TASK
In the entries below, find the line with "Classic Motel Gold Coast Exterior photo" and print exactly every line from there up to and including the line with "4386 El Carnal, Las Vegas, NV 89121", with no other lines.

RECORDS FOR PROCESSING
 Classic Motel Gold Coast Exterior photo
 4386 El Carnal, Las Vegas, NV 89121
==
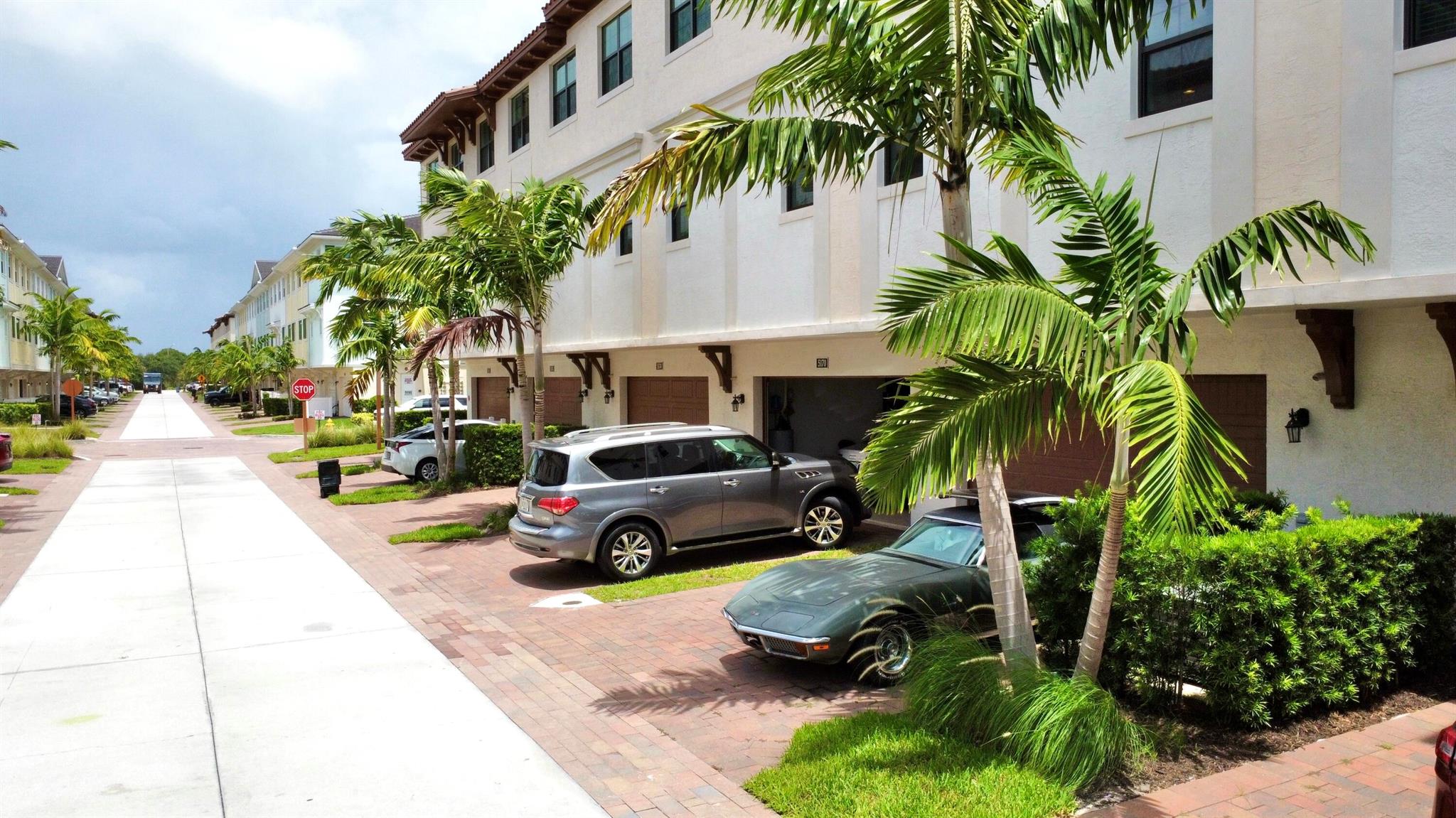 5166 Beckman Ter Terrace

RESPONSE TO THIS EXERCISE
 Classic Motel Gold Coast Exterior photo
 4386 El Carnal, Las Vegas, NV 89121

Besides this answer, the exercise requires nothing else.